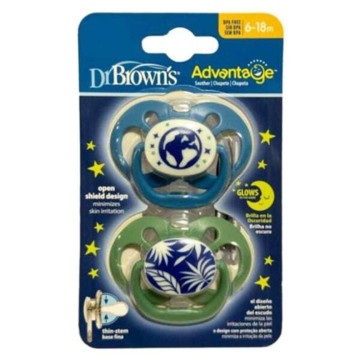 Dr. Browns Πιπίλες Σιλικόνης για 6-18 μηνών Advantage Νυκτός Αστρον...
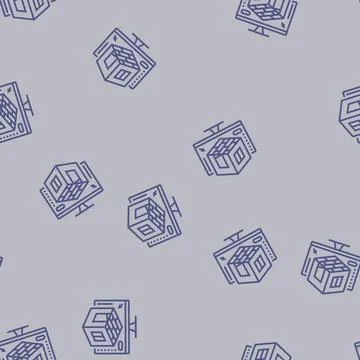 3d room modeling interior designer line seamless pattern Stock Illustration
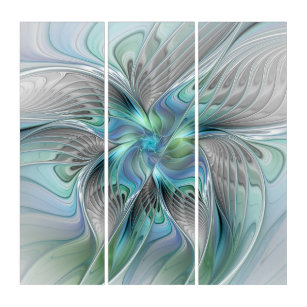 Abstract Blue Green Butterfly Fantasy Fractal Triptych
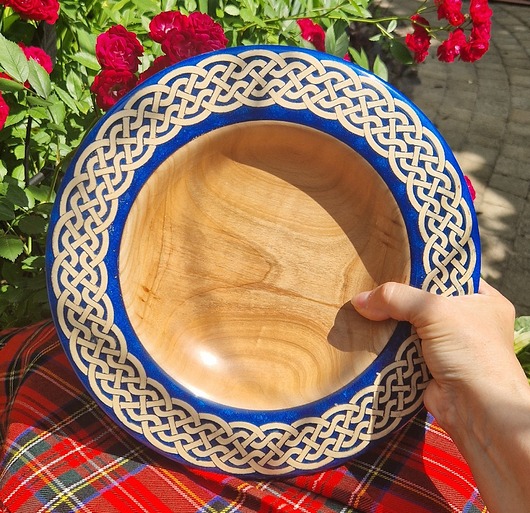 talerze, miski Ciężka celtycka miska z drewna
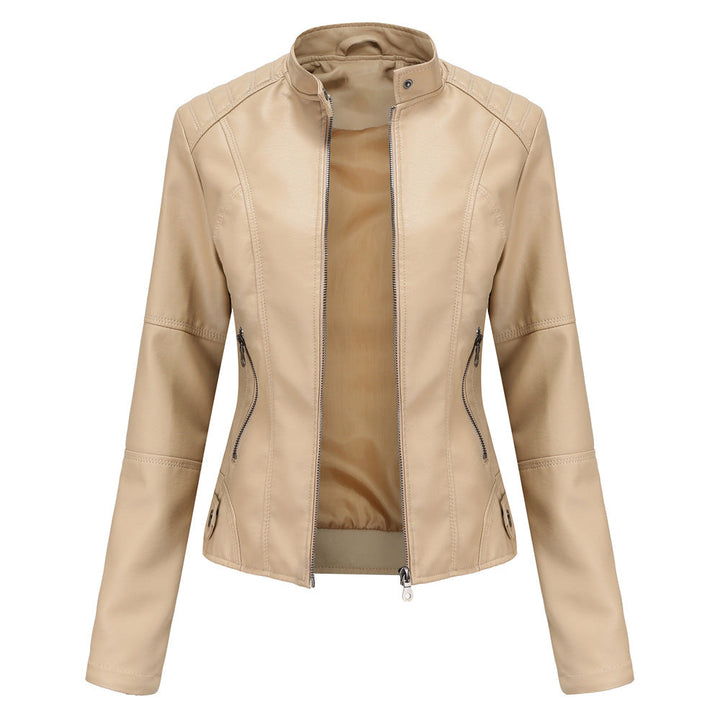 Collarless Biker Jacket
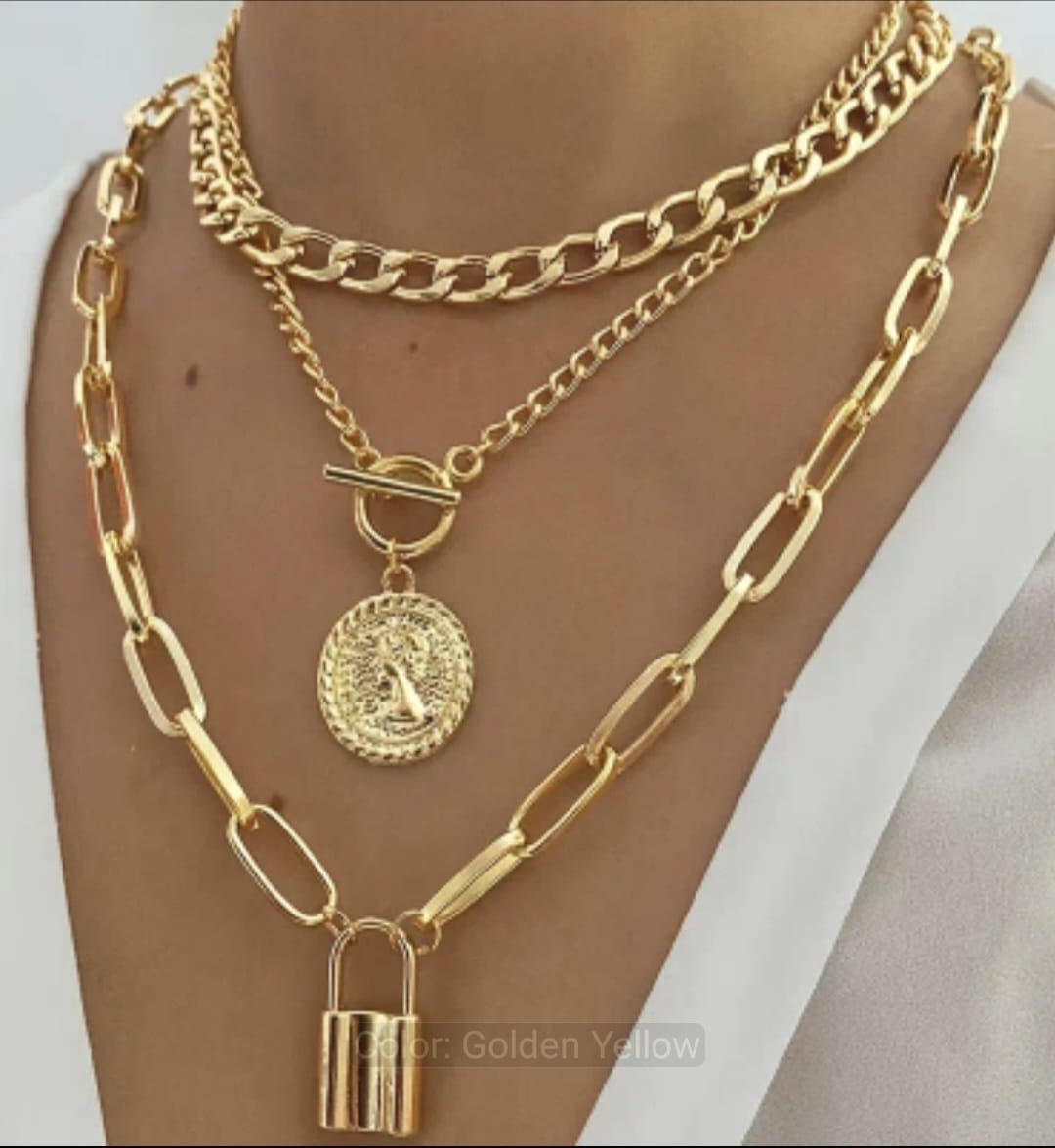 Vintage Hip-Hop Layered OT Buckle Necklace Set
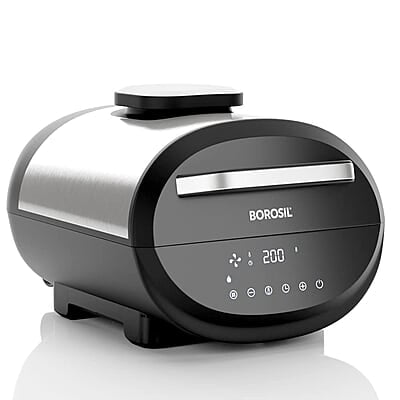 Borosil Bestdigi Air-Fryer, Top Load Air Fryer, Large Capacity, 8 Pre-Set Menus, 8 In 1 Functionality, 6.1 L, 1700 Watt, 6.1 liter, Black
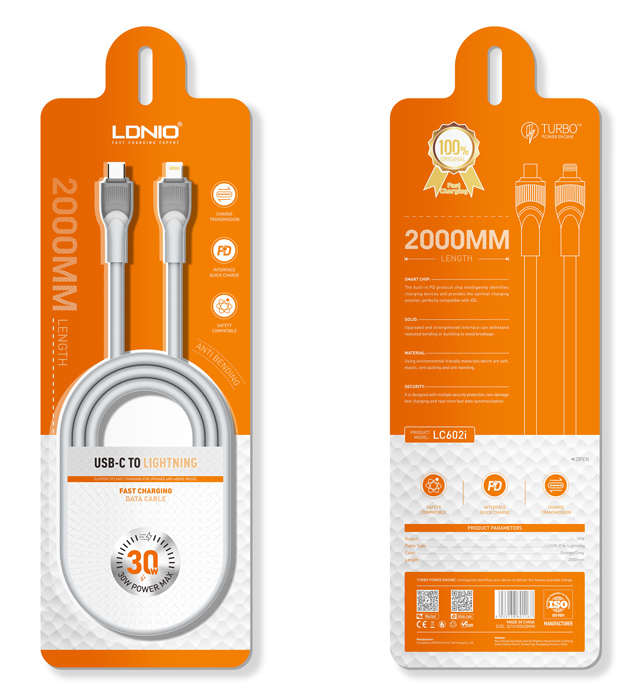 LDNIO καλώδιο Lightning σε USB-C LC602I, 30W PD, 2m, γκρι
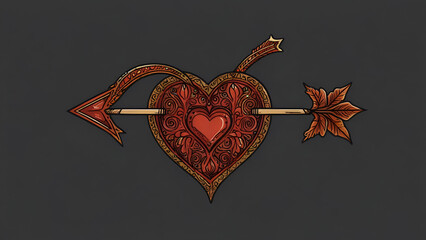 Two heart and arrow doodle elements on a transparent background in PNG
::::::::
▶ What to work on
Reproduce the entries above exactly, though not their pictures.

▶ Answer space
 Dr. Browns Πιπίλες Σιλικόνης για 6-18 μηνών Advantage Νυκτός Αστρον...
 3d room modeling interior designer line seamless pattern Stock Illustration
 Abstract Blue Green Butterfly Fantasy Fractal Triptych
 talerze, miski Ciężka celtycka miska z drewna
 Collarless Biker Jacket
 Vintage Hip-Hop Layered OT Buckle Necklace Set
 Borosil Bestdigi Air-Fryer, Top Load Air Fryer, Large Capacity, 8 Pre-Set Menus, 8 In 1 Functionality, 6.1 L, 1700 Watt, 6.1 liter, Black
 LDNIO καλώδιο Lightning σε USB-C LC602I, 30W PD, 2m, γκρι
 Two heart and arrow doodle elements on a transparent background in PNG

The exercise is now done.